E' nato a Mostra Convegno Agroenergia il Club della Gassificazione. L’iniziativasi propone come “operazione verità”, con la finalità di tutelare gli investitori attraverso una informazione quanto più possibile obiettiva sulle prestazioni degli impianti e, di conseguenza, dare credibilità all’intero settore, in un momento delicato, dove la tecnologia sta passando dalla fase di sviluppo alla piena operatività commerciale.
Nasce per iniziativa del POLIBRE, Polo di Innovazione Energie Rinnovabili e Biocombustibili di Tortona, EnermHy, il Polo d’Innovazione di Vercelli, di EnergEtica – Distretto Agroenergetico Italia Nord Ovest e di UNCEM Piemonte, con l’obiettivo di ‘riabilitare’ la tecnologia della gassificazione.

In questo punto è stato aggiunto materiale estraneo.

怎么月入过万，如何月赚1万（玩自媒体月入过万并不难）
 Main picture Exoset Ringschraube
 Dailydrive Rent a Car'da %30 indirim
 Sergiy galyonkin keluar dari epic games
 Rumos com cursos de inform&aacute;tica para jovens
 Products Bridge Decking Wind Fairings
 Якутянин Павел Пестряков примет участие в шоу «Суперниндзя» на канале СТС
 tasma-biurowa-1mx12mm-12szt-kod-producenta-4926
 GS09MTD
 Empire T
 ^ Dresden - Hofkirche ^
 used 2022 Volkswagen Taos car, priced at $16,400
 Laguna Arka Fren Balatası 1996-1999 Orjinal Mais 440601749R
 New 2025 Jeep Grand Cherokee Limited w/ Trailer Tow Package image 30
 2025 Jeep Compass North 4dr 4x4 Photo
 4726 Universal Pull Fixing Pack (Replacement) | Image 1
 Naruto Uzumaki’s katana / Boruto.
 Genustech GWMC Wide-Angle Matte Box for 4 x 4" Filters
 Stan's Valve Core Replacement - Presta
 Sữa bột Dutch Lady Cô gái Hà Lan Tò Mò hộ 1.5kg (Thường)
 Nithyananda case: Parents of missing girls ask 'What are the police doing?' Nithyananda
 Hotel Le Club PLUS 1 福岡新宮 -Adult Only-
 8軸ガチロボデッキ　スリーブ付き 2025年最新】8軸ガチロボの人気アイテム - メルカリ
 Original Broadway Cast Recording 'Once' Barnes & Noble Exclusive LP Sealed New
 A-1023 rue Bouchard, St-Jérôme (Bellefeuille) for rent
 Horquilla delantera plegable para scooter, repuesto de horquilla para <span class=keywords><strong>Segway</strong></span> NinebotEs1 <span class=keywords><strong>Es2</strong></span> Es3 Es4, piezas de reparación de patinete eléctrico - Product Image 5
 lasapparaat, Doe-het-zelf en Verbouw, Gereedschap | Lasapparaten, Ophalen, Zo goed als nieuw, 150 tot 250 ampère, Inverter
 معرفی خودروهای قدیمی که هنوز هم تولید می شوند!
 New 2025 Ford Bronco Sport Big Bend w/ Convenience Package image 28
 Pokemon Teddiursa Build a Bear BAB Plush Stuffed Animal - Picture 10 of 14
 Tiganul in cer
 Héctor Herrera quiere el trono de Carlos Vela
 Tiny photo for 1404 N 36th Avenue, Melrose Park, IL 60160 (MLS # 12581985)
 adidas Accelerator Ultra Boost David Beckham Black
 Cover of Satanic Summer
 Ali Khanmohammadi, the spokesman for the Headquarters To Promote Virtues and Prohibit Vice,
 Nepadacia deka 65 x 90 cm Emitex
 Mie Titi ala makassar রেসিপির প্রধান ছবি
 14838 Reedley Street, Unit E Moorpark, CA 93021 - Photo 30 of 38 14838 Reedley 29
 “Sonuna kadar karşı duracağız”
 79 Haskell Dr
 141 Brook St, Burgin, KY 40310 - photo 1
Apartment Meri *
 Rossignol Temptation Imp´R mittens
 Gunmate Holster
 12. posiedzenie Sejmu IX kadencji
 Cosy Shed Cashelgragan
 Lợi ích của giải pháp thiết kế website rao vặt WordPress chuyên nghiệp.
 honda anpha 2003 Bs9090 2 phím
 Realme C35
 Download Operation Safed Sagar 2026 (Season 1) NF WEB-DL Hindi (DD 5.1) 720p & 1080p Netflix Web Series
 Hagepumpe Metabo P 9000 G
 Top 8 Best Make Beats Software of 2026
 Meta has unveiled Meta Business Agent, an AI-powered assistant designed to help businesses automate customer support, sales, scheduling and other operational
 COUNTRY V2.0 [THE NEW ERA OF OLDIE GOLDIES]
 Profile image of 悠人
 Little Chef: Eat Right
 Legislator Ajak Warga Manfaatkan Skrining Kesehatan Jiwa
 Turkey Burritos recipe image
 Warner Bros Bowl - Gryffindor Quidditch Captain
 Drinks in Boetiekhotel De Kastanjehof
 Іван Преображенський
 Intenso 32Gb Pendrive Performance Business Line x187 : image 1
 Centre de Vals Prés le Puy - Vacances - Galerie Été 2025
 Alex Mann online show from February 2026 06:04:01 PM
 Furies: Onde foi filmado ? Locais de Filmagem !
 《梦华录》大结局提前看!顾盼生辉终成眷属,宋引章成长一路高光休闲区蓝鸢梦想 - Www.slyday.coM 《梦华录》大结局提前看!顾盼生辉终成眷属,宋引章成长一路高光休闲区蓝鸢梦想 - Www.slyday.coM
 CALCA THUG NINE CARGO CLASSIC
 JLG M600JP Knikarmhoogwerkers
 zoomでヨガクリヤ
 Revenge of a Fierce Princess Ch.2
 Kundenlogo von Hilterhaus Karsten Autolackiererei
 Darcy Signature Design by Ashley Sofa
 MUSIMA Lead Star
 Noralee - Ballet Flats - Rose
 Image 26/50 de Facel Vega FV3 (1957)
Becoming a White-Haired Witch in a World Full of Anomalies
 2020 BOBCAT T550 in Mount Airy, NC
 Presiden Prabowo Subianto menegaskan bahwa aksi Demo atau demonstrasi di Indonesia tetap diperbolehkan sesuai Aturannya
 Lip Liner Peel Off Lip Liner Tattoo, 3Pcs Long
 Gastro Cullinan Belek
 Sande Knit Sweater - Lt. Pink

Piero Mattirolo, a.d. di EnergEtica, ha affermato che “uno degli obiettivi del Club della Gassificazione è individuare un modello standard per valutare quali impianti hanno già sviluppato una tecnologia che garantisca affidabilità di funzionamento, e quali non sono ancora pronti per entrare sul mercato”. Per il 22 marzo è previstauna riunione tra gli associati per nominare un Comitato Scientifico che avrà questa funzione valutativa.
“Siamo certi che la gassificazione rappresenti una delle tecnologie più importanti per la cogenerazione da biomasse – ha aggiunto Roberto Isola coordinatore di EnermHy – e siamo convinti, attraverso la costituzione del Club della Gassificazione, di poter dare un contributo concreto da un lato a una comunicazione trasparente e corretta di questa tecnologia, dall’altro al raggiungimento della piena capacità operativa degli impianti aderenti. Il tutto grazie alle attività di ricerca e ai progetti portati avanti dal Polo Enermhy, che fra i suoi principali ambiti operativi presenta, oltre a quello del mini hydro, anche quello delle biomasse marginali”.
Secondo Giuseppe Tresso, della società Uncem Piemonti Risorse, attiva nella valorizzazione delle risorse forestali e ambientali, “le tecnologie di gassificazione sembrano essere oggi le uniche adatte ad essere diffuse sul territorio prossimale alle aree forestali italiane. La possibilità di realizzare impianti di piccola taglia permette infatti di valorizzare al meglio, oltre all’energia elettrica, anche la produzione di calore collegata ai cogeneratori nell’ambito di reti efficienti. Confidiamo quindi che l’ampliamento della base di utenti e il rafforzamento del sistema di incentivazione alla produzione energetica rinnovabile stimolino le imprese del settore a migliorarsi permettendo a questa prospettiva tecnologica di fare un salto di qualità nel senso di maggiore efficienza e stabilità di processo”.
Il Club che è nato a Mostra Convegno Agroenergia è aperto a fornitori di tecnologie, gestori di impianti ed altri soggetti interessati della filiera, che ne condividano le finalità.